ASSIGNMENT: Since the records include pictures, leave those out while you reproduce exactly and only the lines from the one containing "Rezervni tocak copa 16 5x112" through the one containing "Natural Remedies - DIGESTIVE", inclusive.

DATA FOR THIS TASK:
<<<<
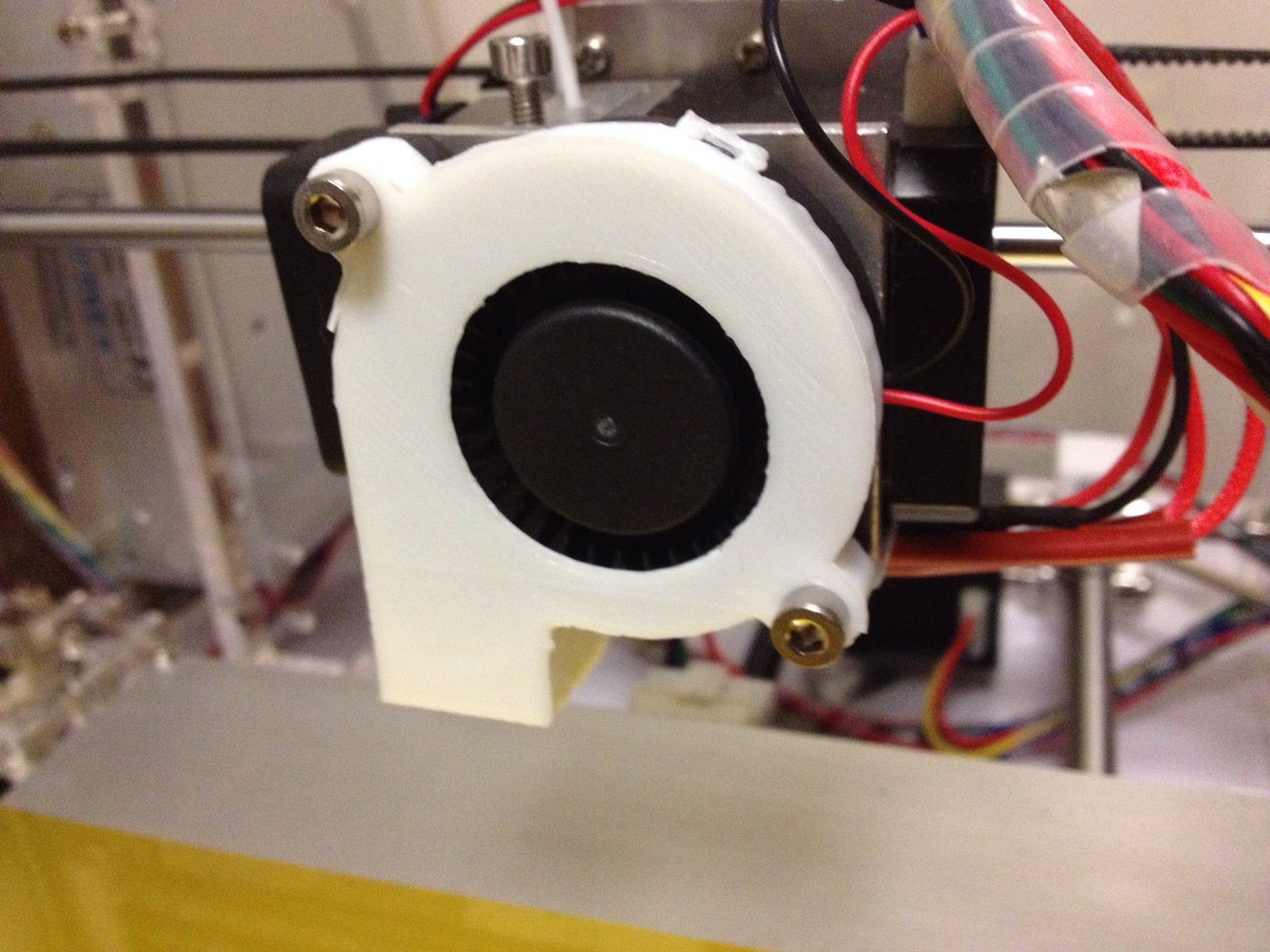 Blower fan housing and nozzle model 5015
>>>>
<<<<
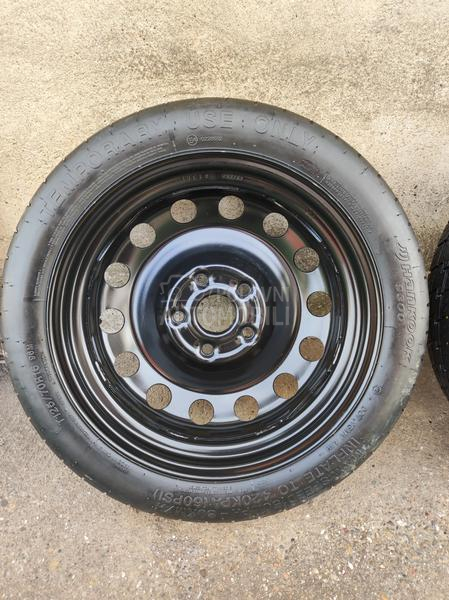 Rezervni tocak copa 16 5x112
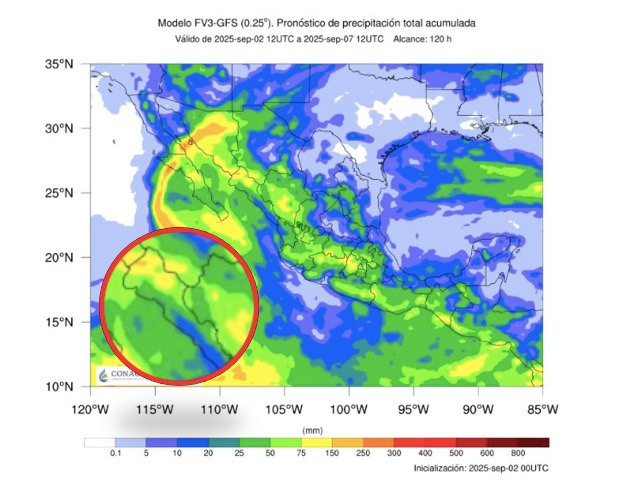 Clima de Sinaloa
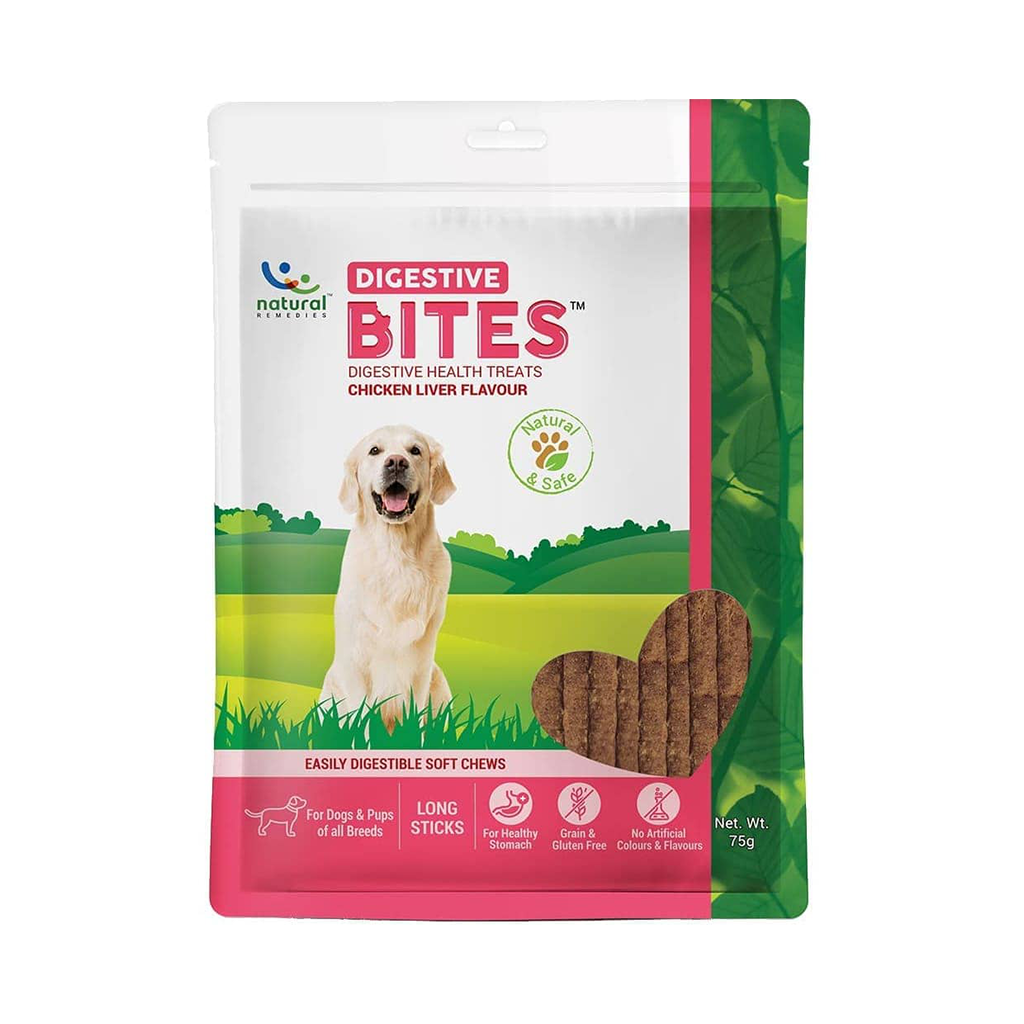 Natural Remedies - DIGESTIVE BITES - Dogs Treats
>>>>
<<<<
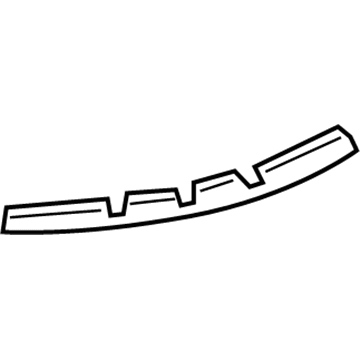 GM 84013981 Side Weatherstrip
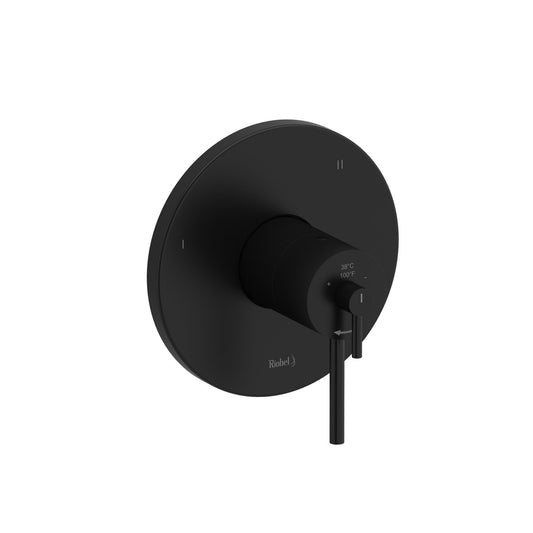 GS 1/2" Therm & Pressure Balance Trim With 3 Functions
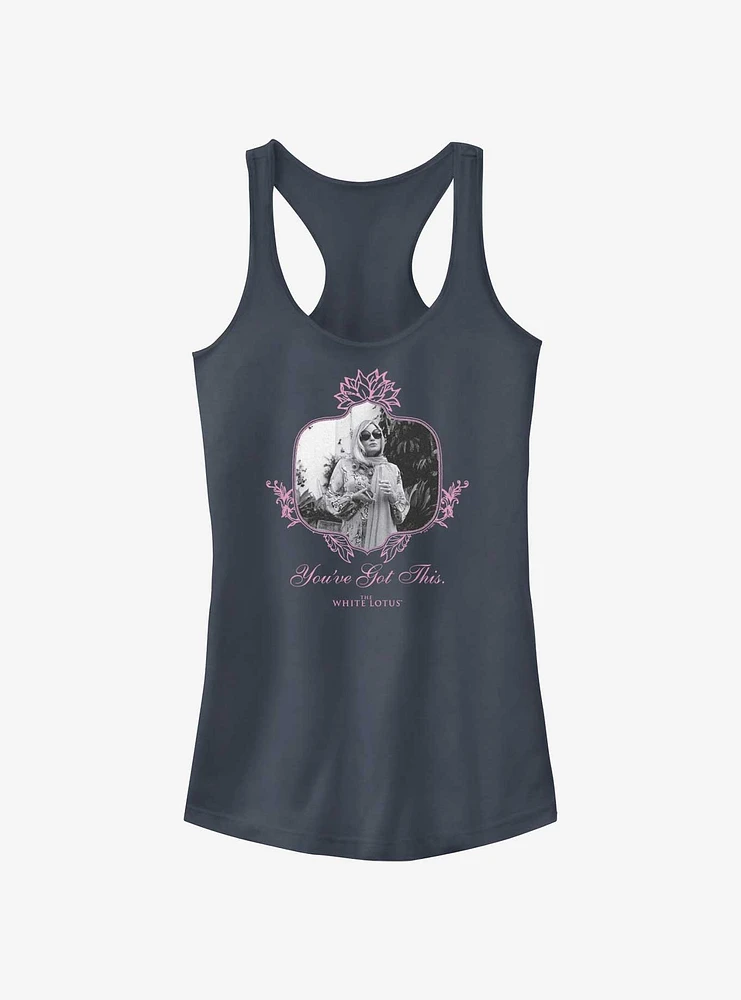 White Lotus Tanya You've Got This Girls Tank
>>>>
WRITTEN ANSWER:
 Rezervni tocak copa 16 5x112
 Clima de Sinaloa
 Natural Remedies - DIGESTIVE BITES - Dogs Treats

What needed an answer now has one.